Clause 19 – Dangerous Goods

This Clause sets out in clear terms that the consignor shall comply with mandatory national law or international conventions as regards shipment of goods of a dangerous nature.

In accordance with the Hague-Visby Rules Article 4.6, it provides the MTO with various remedies to dispose of the dangerous goods in the event the consignor fails to provide the necessary information on such goods and of which the MTO is unaware.  In addition, the consignor shall be liable for and hold harmless the MTO for all loss, damage, delay or expenses that may arise from the carriage of dangerous goods.

Clause 20 – Consignor-packed Containers, etc.

This Clause provides for the basis of liability as regards FCL packed containers.  In line with common practice the MTO accepts no responsibility for loss or damage caused by the negligent filling, packing or stowage of the container or caused as a result of the contents being unsuitable for carriage in containers.

Clause 21 – Freight

This Clause provides the MTO, without having to consult the Merchant, with a right to inspect the contents of containers, trailers or similar articles of transport for the sole purpose of verifying the freight basis.

Clause 22 – Lien

This Clause is self-explanatory.

Clause 23 – General Average

As will be seen and in accordance with other general average clauses, general average shall be adjusted at any port or place determined by the MTO.  Also reference is now made to the York-Antwerp Rules 1994 which have been recommended for use by the Comité Maritime International as soon as practicable after 31 December, 1994.

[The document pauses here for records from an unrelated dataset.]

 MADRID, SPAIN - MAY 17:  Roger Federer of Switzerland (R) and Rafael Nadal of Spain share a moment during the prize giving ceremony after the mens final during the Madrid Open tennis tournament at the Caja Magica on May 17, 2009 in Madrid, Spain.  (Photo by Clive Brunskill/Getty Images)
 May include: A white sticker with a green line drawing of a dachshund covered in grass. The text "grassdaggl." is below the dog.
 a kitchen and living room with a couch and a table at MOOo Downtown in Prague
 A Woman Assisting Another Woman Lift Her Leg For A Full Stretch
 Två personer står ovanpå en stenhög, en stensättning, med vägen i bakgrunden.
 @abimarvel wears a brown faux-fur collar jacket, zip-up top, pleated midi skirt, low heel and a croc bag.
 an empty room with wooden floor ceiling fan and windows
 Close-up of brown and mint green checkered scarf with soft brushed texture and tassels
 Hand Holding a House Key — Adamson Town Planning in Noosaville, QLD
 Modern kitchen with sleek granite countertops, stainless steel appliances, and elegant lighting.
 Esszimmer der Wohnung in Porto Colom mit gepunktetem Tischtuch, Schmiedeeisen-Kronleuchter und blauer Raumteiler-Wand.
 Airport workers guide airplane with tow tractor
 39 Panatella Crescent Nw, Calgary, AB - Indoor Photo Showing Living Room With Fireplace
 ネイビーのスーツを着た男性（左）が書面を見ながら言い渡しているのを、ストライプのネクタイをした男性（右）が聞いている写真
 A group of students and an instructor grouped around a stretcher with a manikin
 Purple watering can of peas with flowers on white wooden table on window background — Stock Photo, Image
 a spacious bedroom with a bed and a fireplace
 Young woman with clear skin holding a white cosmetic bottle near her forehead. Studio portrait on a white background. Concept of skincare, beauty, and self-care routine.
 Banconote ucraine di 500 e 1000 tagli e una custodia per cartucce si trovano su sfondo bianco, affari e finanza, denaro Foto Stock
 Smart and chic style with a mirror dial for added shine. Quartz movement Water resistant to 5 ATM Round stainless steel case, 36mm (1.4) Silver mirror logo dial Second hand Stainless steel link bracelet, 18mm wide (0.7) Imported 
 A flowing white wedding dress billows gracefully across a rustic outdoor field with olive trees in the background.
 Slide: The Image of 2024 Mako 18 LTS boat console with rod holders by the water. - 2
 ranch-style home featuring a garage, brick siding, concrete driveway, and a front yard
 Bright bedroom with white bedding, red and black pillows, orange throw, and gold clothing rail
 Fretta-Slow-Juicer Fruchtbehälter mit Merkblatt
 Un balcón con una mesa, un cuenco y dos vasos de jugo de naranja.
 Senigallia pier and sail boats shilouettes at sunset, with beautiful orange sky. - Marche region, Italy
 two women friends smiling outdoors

Clause 24 – Both-to-Blame Collision Clause

This is a standard clause which forms part of almost every standard document issued by BIMCO.

Clause 25 – U.S. Trade

This Clause provides for the application of the U.S. Carriage of Goods by Sea Act, 1936 throughout the carriage by sea and the time that the goods are in the actual custody of the MTO or of any sub-contractor whose services he makes use of in order to perform the multimodal transport.  As already mentioned, in the event the U.S. COGSA applies, the MTO shall not become liable for loss or damage to the goods in an amount exceeding USD 500 per package or customary freight unit.